Career highlights and awards
- Third-team All-American (2009); 2× All-CAA (2009, 2010);

Career NFL statistics
- Total tackles:: 21
- Fumble recoveries:: 1
- Stats at Pro Football Reference

= Anthony Walters (American football) =

American football player (born 1988)

Anthony Walters (born September 19, 1988) is an American former professional football player who was a safety in the National Football League (NFL). He played college football for Delaware Fightin' Blue Hens and was signed by the Chicago Bears as an undrafted free agent on July 26, 2011.

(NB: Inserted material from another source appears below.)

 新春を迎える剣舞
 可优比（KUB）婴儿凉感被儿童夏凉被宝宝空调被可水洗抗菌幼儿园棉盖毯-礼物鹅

He also played for the Arizona Cardinals.

==College career==
Walters played at the University of Delaware, and played in all 50 games he appeared in, recording 258 tackles, 12 tackles for losses, one sack, 16 interceptions, and 31 passes broken up. Walters ranks second all-time in school history in pass breakups and fourth in interceptions.

==Professional career==

===Chicago Bears===
After being signed by the Bears, Walters spent the first five weeks on the practice squad, and was elevated on October 11 after Winston Venable was released. However, on November 16, Walters was placed on injured reserve after sustaining a hamstring injury. In the third game of the 2012 preseason against the New York Giants, Walters tipped a David Carr pass to teammate Isaiah Frey with 1:06 left in the game, giving the Bears a 20-17 victory. In Week 15 against the Green Bay Packers, Walters recovered a fumbled lateral, but the Bears failed to capitalize on the recovery, and the Bears lost 21-13. Walters made his first career start in Week 17 against the Detroit Lions after an injury to Chris Conte. In 2013, Walters ranked fifth among Bears players in special teams tackles with 10. Walters became a restricted free agent after the 2013 season.

===Arizona Cardinals===
On May 14, 2014, Walters signed a one-year deal with the Arizona Cardinals. The Cardinals released Walters on August 30, 2014.

===Second stint with the Bears===
On November 29, 2014, Walters was brought back by the Bears, playing in the final four games of the season. He was released on April 2, 2015.

===Second stint with the Cardinals===
On August 18, 2015, Walters was signed by the Cardinals. On September 5, 2015, he was released by the Cardinals.